Two hundred listeners came out for a spirited demonstration in front of the station at midday to oppose the layoffs, as even more had done the previous week when layoffs had been threatened.
Arlene Engelhardt, executive director of the Pacifica Foundation, which holds the licenses for the five Pacifica stations (KPFA in Berkeley, WBAI in New York, KPFK in Los Angeles, WPFW in Washington, D.C., and KPFT in Houston) arrived at the station with the foundation's financial officer, LaVarn Williams, the next day. The layoff was so sudden they had no program to put in place of the Morning Show. The supposedly-terminated staff then interviewed the two, along with the union’s stewards, for the next two hours, questioning them about the layoff decision on the air.
The following day, however, Engelhardt and Williams were more prepared. They ordered the station's engineer to download the satellite feed for the Uprisings morning show from KPFK in Los Angeles, and broadcast it in place of KPFA's own program. For over a decade, KPFA’s Wednesday Morning Show has included a half-hour segment devoted to labor. When the producer (myself) and two organizers from the Longshore and Warehouse Union arrived to do the report, Engelhardt refused to put us on the air, saying that the Morning Show and its labor segment had been "preempted."
Since then, KPFA has continued to broadcast the Los Angeles program in place of its own locally-produced Morning Show. Sonali Kohatkar, host of Uprisings, stated on the air her support for the laid-off KPFA staff, interviewed Edwards-Tiekert, and even Engelhardt herself.
For more than two decades, the union contract at KPFA has included station-wide seniority for paid staff. Station managers and program directors can change or eliminate programs, but any staff member whose job or program is eliminated can use seniority to bid on other jobs. The union has filed unfair labor practice charges and grievances against Engelhardt and Pacifica, saying they violated the contract by targeting individuals on the Morning Show staff for termination.
A large part of the station's audience has also protested the layoff. They argue that the Morning Show raises a great deal of money in on-air marathons and that attacking the program and its staff threatens the income that supports the station.

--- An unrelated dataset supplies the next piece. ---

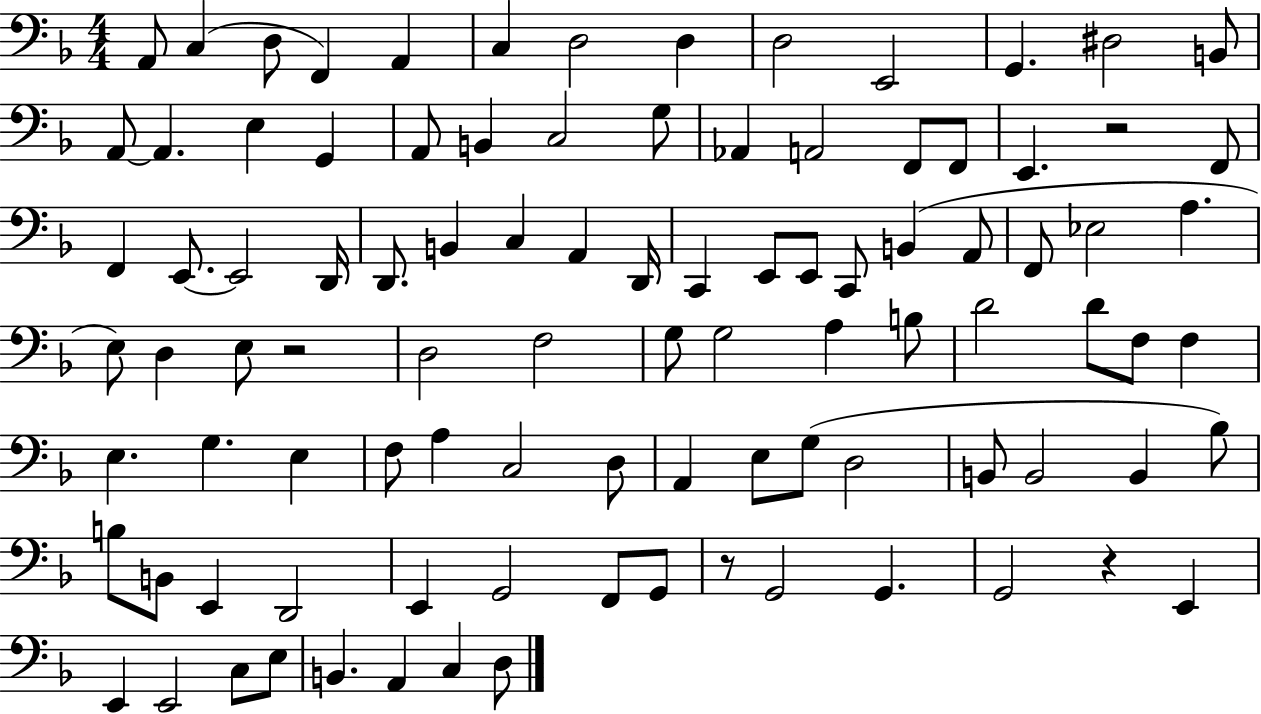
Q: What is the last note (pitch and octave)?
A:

Many listeners think the Morning Show is just good radio and want it back.
The layoffs and the seizure of control over KPFA's programming raise important questions about the station's funding base and the amount of money going to the Pacifica Foundation every year. But behind them are even larger questions about the rights of workers, both paid and unpaid, in progressive institutions, and debates over the nature of community radio.
Nature of Community Radio
There is no question that KPFA’s budget has taken a hit in the economic crisis, as has that of almost every other station like it. Its funding comes almost entirely from listener subscriptions and donations, so when listeners don't have as much to give, income shrinks.
To meet the shortfall, some staff at the station cut their hours months ago so their co-workers wouldn’t be laid off. Pay at the station is low to begin with. Cutting hours means that for many staff members, income shrinks below what they can realistically live on. After hours were cut for one staff member, Nora Barrows-Friedman from the evening investigative news show Flashpoints, she had to leave.

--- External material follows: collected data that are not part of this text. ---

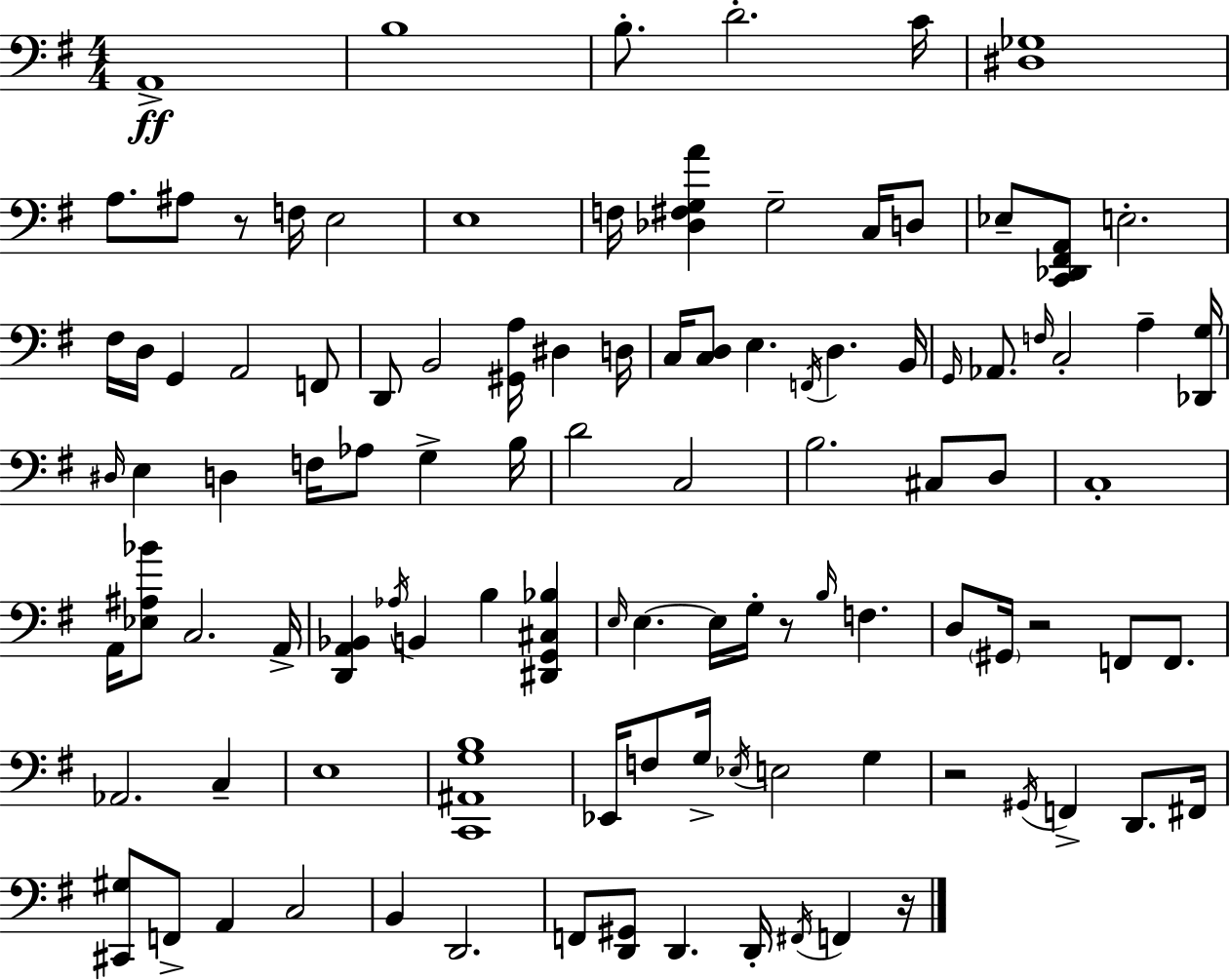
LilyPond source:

{
  \clef bass
  \numericTimeSignature
  \time 4/4
  \key e \minor
  a,1->\ff | b1 | b8.-. d'2.-. c'16 | <dis ges>1 | \break a8. ais8 r8 f16 e2 | e1 | f16 <des fis g a'>4 g2-- c16 d8 | ees8-- <c, des, fis, a,>8 e2.-. | \break fis16 d16 g,4 a,2 f,8 | d,8 b,2 <gis, a>16 dis4 d16 | c16 <c d>8 e4. \acciaccatura { f,16 } d4. | b,16 \grace { g,16 } aes,8. \grace { f16 } c2-. a4-- | \break <des, g>16 \grace { dis16 } e4 d4 f16 aes8 g4-> | b16 d'2 c2 | b2. | cis8 d8 c1-. | \break a,16 <ees ais bes'>8 c2. | a,16-> <d, a, bes,>4 \acciaccatura { aes16 } b,4 b4 | <dis, g, cis bes>4 \grace { e16 } e4.~~ e16 g16-. r8 | \grace { b16 } f4. d8 \parenthesize gis,16 r2 | \break f,8 f,8. aes,2. | c4-- e1 | <c, ais, g b>1 | ees,16 f8 g16-> \acciaccatura { ees16 } e2 | \break g4 r2 | \acciaccatura { gis,16 } f,4-> d,8. fis,16 <cis, gis>8 f,8-> a,4 | c2 b,4 d,2. | f,8 <d, gis,>8 d,4. | \break d,16-. \acciaccatura { fis,16 } f,4 r16 \bar "|."
}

Two days after the rally opposing the Morning Show layoffs, more listeners held a protest over possible cuts directed at other KPFA shows, including the hip-hop show Hard Knock Radio, the apprentice-produced show Full Circle, and Flashpoints. Weyland Southon, Hard Knock's executive producer, took a voluntary layoff, as did the labor beat reporter for the news department, Max Pringle, and staffers Lewis Sawyer, Renee Geesler, and Vini Beacham. All are people of color, as are Allison and Manilla. The layoffs, voluntary and involuntary, are having a disastrous effect on the racial and national diversity of station staff, and because of that, on the station's connection to communities of color in northern California.
The annual budget for KPFA is about $4 million. In the past two years it didn't raise all of that, falling short by about $750,000, by some estimates. The station used its reserves funds to make up the difference, but those reserves are now gone. Because of cutting hours and jobs, this year the deficit is projected to be less, but it's still there.
Under the bylaws that give it ownership of the station licenses, Pacifica Foundation has the power to order further cuts by forcing the station manager to implement them. Pacifica terminated an earlier manager, Lemlem Rijio, last year. The next acting manager, longtime programmer Amelia Gonzalez, is leaving rather than carry out Pacifica's mandates. The following interim manager, Ahmad Anderson, told laid-off staff he’d been required to give them termination notices on Engelhardt’s orders. Pacifica executives and its national board have just chosen a new permanent manager for the station, Amit Pendyal.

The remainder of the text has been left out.